On the other hand, I'm extremely grateful that I got a gift subscription to the Sunday New York Times. I love having a copy of the paper to curl up with while watching the Sunday morning talk shows.

The Economist is in a completely separate category from newspapers. I enjoy weekly and monthly magazines even though I get most of my daily news from the internet because news magazines tend to have more analysis articles. It's shocking to me that The Economist didn't already have a million subscribers worldwide. I work in print advertising, and to me it's a matter of marketing the magazine properly and bringing the subscription rate down enough to make it worthwhile for the occasional reader to subscribe. If The Economist was really interested in a significantly higher circ, they'd offer more subscription discounts. I think they're happy with their demographics and wouldn't want to "dilute" their readership with folks who are interested in the magazine but can't afford the regular subscription price.

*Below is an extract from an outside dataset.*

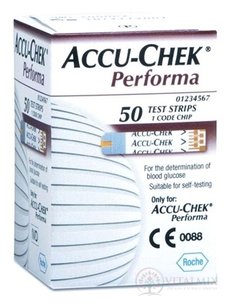 ACCU-CHEK Performa 50 testovací proužky do glukometru 1x50 ks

posted by: Cynthia on 03.07.05 at 06:17 PM [permalink]



Dan,

The data to watch for are circulation figures and advertising rates - the latter is tied to the former. There are many, many indications that big-city newspaper circulation is tubing in most areas, and that those papers have been fudging their circulation figures to the point of fraud.

Another datum to look for are revenue "adjustments" in the annual reports of newspaper corporations and holding companies, as those are often the result of advertiser pressure (including the results of compulsory arbitration) concerning inflated bills that they had paid.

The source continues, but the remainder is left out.